[Thanks to Richard Ngo, Damon Binder, Summer Yue, Nate Thomas, Ajeya Cotra, Alex Turner, and other Redwood Research people for helpful comments; thanks Ruby Bloom for formatting this for the Alignment Forum for me.]
I'm going to draw a picture, piece by piece. I want to talk about the capability of some different AI systems.
You can see here that we've drawn the capability of the system we want to be competitive with, which I’ll call the unaligned benchmark. The unaligned benchmark is what you get if you train a system on the task that will cause the system to be most generally capable. And you have no idea how it's thinking about things, and you can only point this system at some goals and not others.
I think that the alignment problem looks different depending on how capable the system you’re trying to align is, and I think there are reasonable arguments for focusing on various different capabilities levels. See here for more of my thoughts on this question.
People have also proposed various alignment strategies.
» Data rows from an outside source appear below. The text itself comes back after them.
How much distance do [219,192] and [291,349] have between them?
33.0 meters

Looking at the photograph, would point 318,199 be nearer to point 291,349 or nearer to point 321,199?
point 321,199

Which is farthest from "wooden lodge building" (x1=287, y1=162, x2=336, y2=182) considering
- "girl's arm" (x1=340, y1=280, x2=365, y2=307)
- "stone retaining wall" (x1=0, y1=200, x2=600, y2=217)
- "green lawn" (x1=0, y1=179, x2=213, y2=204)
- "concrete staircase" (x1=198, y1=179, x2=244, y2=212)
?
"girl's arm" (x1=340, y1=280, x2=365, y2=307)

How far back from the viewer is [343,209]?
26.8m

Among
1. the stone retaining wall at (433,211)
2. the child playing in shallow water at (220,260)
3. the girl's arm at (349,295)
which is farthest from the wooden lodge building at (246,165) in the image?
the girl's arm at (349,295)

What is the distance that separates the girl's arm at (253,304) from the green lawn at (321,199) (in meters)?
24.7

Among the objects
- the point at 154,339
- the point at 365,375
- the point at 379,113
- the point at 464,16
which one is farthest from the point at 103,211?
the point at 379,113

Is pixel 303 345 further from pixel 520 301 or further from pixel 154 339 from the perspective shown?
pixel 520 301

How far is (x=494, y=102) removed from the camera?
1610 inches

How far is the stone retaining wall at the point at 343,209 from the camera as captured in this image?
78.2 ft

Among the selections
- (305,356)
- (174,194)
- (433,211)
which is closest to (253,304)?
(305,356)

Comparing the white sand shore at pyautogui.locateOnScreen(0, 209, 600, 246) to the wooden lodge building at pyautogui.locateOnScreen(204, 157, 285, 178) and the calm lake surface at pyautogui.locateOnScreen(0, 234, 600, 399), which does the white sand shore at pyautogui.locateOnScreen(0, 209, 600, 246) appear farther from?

But I don’t think that these alignment strategies are competitive with the unaligned benchmark, even in theory.
I want to claim that most of the action in theoretical AI alignment is people proposing various ways of getting around these problems by having your systems do things that are human understandable instead of doing things that are justified by working well.
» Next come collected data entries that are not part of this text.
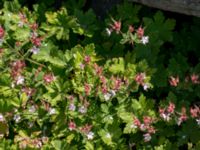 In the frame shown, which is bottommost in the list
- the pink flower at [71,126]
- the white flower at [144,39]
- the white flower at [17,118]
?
the pink flower at [71,126]

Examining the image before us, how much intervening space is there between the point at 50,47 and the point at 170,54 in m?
1.11

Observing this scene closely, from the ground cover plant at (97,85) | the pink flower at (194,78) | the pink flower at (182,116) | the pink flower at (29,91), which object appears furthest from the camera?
the pink flower at (29,91)

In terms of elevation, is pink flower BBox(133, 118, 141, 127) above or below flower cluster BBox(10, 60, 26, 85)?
below

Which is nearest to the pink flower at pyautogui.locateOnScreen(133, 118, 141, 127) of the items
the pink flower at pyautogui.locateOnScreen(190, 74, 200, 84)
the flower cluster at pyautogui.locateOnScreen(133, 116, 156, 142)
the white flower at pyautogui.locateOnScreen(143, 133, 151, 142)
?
the flower cluster at pyautogui.locateOnScreen(133, 116, 156, 142)

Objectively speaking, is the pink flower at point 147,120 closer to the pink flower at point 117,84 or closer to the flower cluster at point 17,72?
the pink flower at point 117,84

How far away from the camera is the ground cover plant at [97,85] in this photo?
12.5 feet

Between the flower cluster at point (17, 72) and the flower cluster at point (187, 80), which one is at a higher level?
the flower cluster at point (17, 72)

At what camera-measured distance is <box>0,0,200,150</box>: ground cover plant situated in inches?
150

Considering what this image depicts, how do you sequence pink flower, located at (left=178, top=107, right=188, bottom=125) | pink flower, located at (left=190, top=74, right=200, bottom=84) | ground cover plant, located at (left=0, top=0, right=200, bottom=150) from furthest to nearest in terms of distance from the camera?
ground cover plant, located at (left=0, top=0, right=200, bottom=150)
pink flower, located at (left=190, top=74, right=200, bottom=84)
pink flower, located at (left=178, top=107, right=188, bottom=125)

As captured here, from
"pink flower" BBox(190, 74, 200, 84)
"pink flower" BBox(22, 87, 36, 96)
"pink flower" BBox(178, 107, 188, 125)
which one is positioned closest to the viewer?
"pink flower" BBox(178, 107, 188, 125)

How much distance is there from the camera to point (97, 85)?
3.85 m

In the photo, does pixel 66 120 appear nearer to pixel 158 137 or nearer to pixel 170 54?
pixel 158 137

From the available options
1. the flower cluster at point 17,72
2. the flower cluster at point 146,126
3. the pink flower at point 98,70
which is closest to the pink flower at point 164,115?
the flower cluster at point 146,126

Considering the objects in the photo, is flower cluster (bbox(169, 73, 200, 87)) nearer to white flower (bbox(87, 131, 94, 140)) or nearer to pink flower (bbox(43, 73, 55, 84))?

For example, the hope with imitative IDA is that through its recursive structure you can build a dataset of increasingly competent answers to questions, and then at every step you can train a system to imitate these increasingly good answers to questions, and you end up with a really powerful question-answerer that was only ever trained to imitate humans-with-access-to-aligned-systems, and so your system is outer aligned.
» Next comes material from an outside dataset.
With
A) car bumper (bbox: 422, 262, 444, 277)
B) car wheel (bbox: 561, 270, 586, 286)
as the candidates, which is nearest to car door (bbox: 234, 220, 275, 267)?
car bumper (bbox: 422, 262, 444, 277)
The bar I’ve added, which represents how capable I think you can get with amplified humans, is lower than the bar for the unaligned benchmark. I've drawn this bar lower because I think that if your system is trying to imitate cognition that can be broken down into human understandable parts, it is systematically not going to be able to pursue certain powerful strategies that the end-to-end trained systems will be able to. I think that there are probably a bunch of concepts that humans can’t understand quickly, or maybe can’t understand at all. And if your systems are restricted to never use these concepts, I think your systems are probably just going to be a bunch weaker.
I think that transparency techniques, as well as AI alignment strategies like microscope AI that lean heavily on them, rely on a similar assumption that the cognition of the system you’re trying to align is factorizable into human-understandable parts. One component of the best-case scenario for transparency techniques is that anytime your neural net does stuff, you can get the best possible human understandable explanation of why it's doing that thing. If such an explanation doesn’t exist, your transparency tools won’t be able to assure you that your system is aligned even if it is.
To summarize, I claim that current alignment proposals don’t really have a proposal for how to make systems that are aligned but either
- produce plans that can’t be understood by amplified humans
- do cognitive actions that can’t be understood by amplified humans
And so I claim that current alignment proposals don’t seem like they can control systems as powerful as the systems you’d get from an unaligned training strategy.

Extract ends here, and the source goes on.